Expressing rotation mathematically can be rather challenging, even in two dimensional space. Typically, the subject is approached from complicated-looking rotation matrices, with the occasional accompanying comment about complex numbers. The challenge only increases when examining three dimensional space, where everyone has different ideas about the best implementations. In what follows, I attempt to provide a derivation of 2D and 3D rotations based in intuition and without the use of trigonometry.
Complex Numbers: 2D Rotations
As points in the plane, multiplication between complex numbers is frequently analyzed as a combination of scaling (a ratio of two scales) and rotation (a point on the complex unit circle). However, the machinery used in these analyses usually expresses complex numbers in a polar form involving the complex exponential. This leverages prior knowledge of trigonometry and some calculus, and in fact obfuscates the algebraic properties of complex numbers. Neither concept is truly necessary to understand points on the complex unit circle, or complex number multiplication in general.

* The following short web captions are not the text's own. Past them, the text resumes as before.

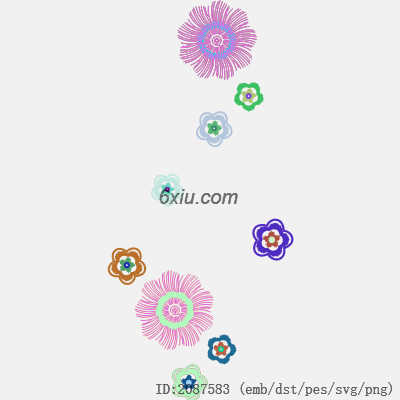 svg矢量绣花图下载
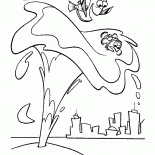 Whales stream of water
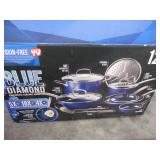 Blue Diamond Pan Set, No Lids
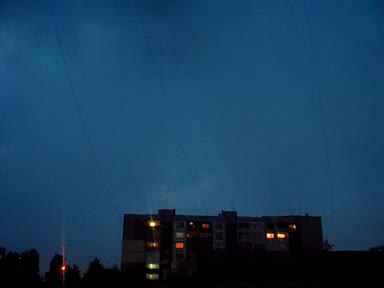 Огромна светкавица падна!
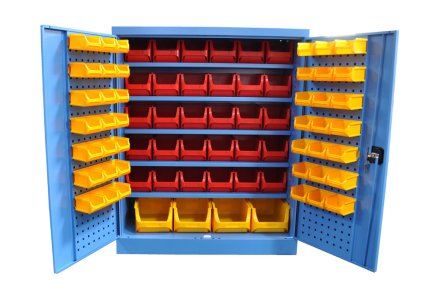 Szafy warsztatowe Kovos ze skrzynkami plastikowymi SPZ_12 (4 modele) - 1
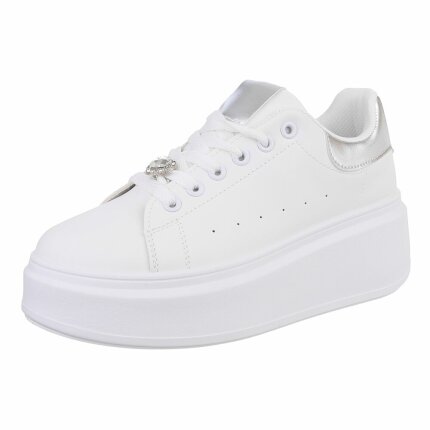 Damen Low-Sneakers - silver Gr. 36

A review of complex multiplication
A complex number z = a + bi multiplies with another complex number w = c + di in the obvious way: by distributing over addition.
zw = (a + bi)(c + di) = ac + bci + adi + bdi^2 = (ac - bd) + i(ad + bc)
z also has associated to it a conjugate z^* = a - bi. The product zz^* is the norm a^2 + b^2, a positive real quantity whose square root is typically called the magnitude of the complex number. Taking the square root is frequently unnecessary, as many of the properties of this quantity do not depend on this normalization.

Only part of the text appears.